• Records for this exercise:

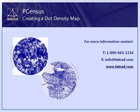Dot density maps give a better idea of relative population densities within a region. To create a dot density map, you must have PCensus for MapInfo, along with an appropriate boundary map.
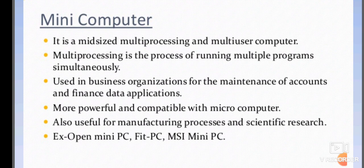A minicomputer is a mid-sized multiprocessing and multi-user computer. Multiprocessing means the process of running multiple programs simultaneously. It is used in business organizations for maintaining accounts and finance data applications. It is more powerful and compatible with microcomputers, and is also useful for manufacturing processes and scientific research.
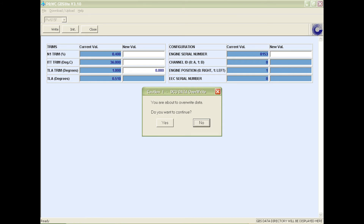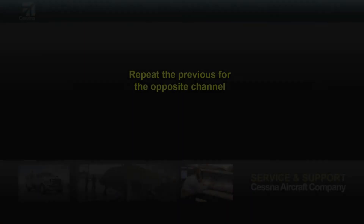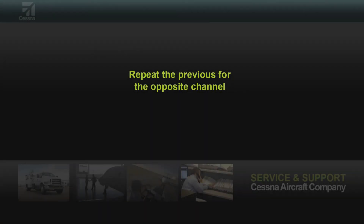There will be a pop-up box asking if you are certain that you want to overwrite the data. Select yes. The data will then appear in the blue box. Repeat these steps for the opposite channel.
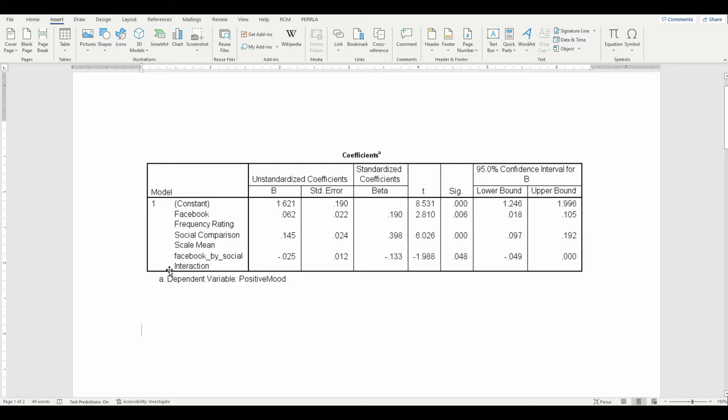The dependent variable here is positive mood. It's a depression scale that's commonly used, but I reverse coded it so that high scores represent more positive mood. So the details on the scales aren't that important here. I just want to show you how to create a table in APA style.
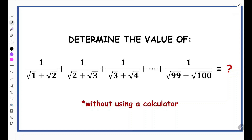In this question, we are told to determine the value of 1 over (√1 + √2) plus 1 over (√2 + √3), and this series continues up till 1 over (√99 + √100). We have to determine the value of this without using a calculator.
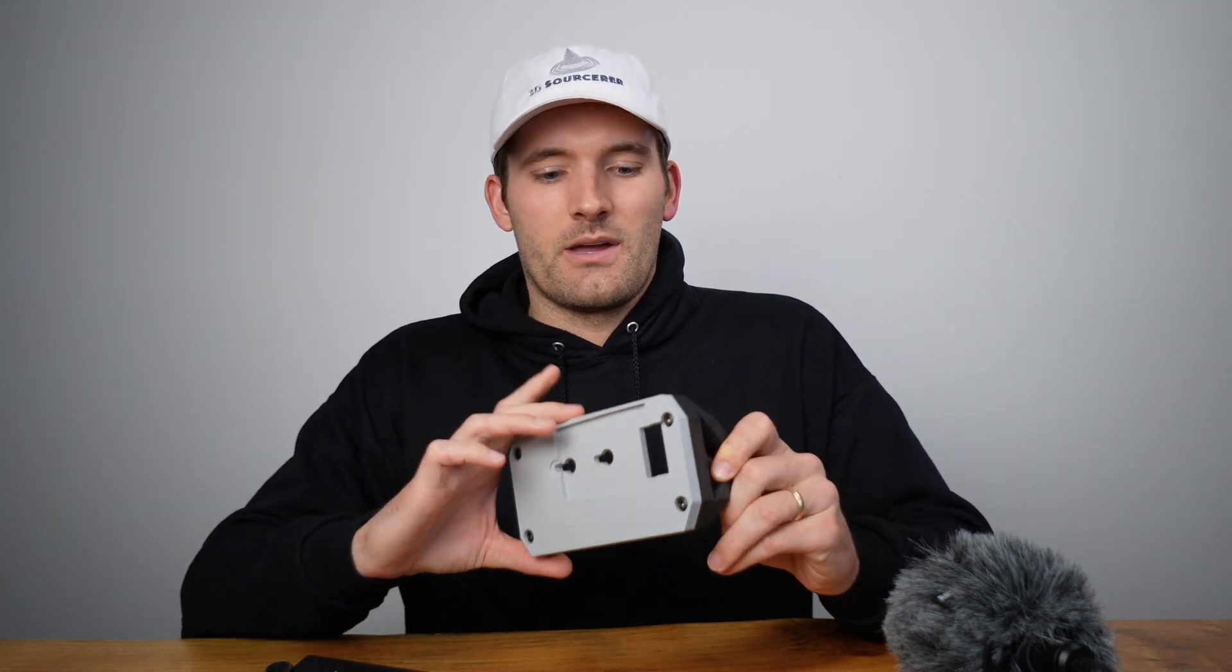This is the LCD screen for the Creality Ender 3 V2 and Ender 3 S1 3D printers, and this is the customizable mount that I made for the screen. In this video, I'll show you how I made the mount, three different attachments for the mount, as well as how you can customize this model to suit your own needs. Let's get started.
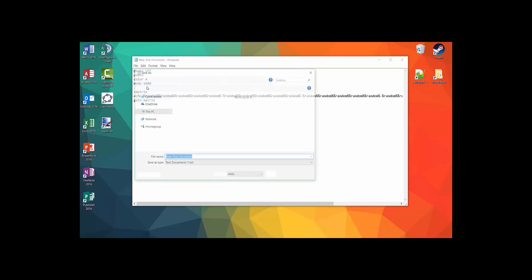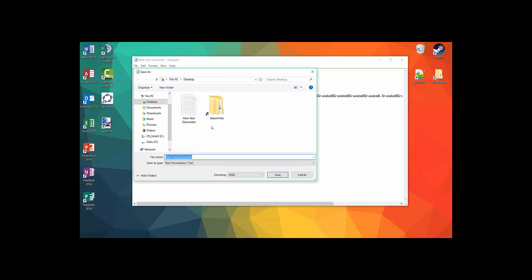Now, save the document as a .bat file. You can name it whatever you want. Just remember to set .bat on the end of the file name.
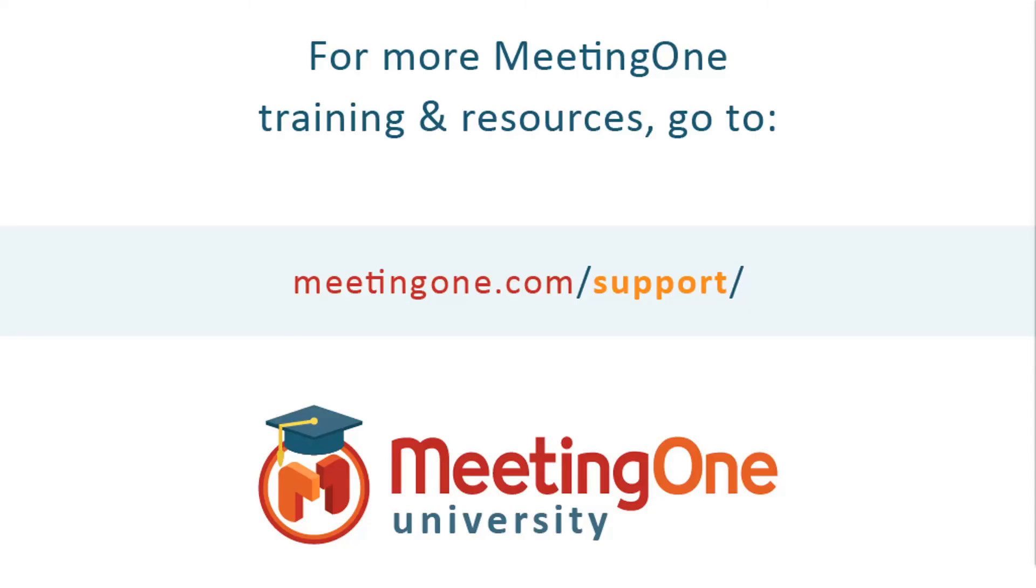And that concludes our Q&A pod session. For more information, please visit us at meetingone.com/support. Thank you.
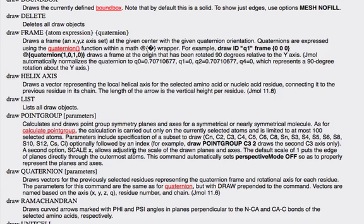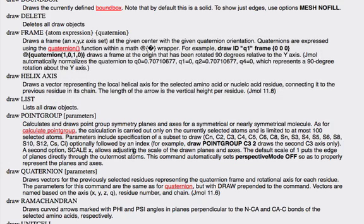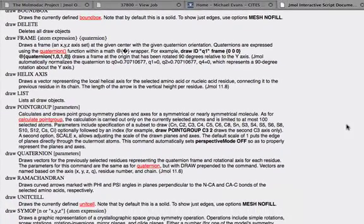One thing you should keep in mind while drawing objects using JML is that every object has a name, and this includes isosurfaces and molecular orbitals as well. You can assign a name to every object you draw as the first parameter of any command you issue. If you don't specify the name of an object, then every time you try to draw a second object of the same type, the first object will get replaced.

• Work item:
Please retype, exactly and with the pictures left out, the lines from the line containing "Now, save the" through the last line of the records above.

• Reply:
Now, save the document as a .bat file. You can name it whatever you want. Just remember to set .bat on the end of the file name.
And that concludes our Q&A pod session. For more information, please visit us at meetingone.com/support. Thank you.
One thing you should keep in mind while drawing objects using JML is that every object has a name, and this includes isosurfaces and molecular orbitals as well. You can assign a name to every object you draw as the first parameter of any command you issue. If you don't specify the name of an object, then every time you try to draw a second object of the same type, the first object will get replaced.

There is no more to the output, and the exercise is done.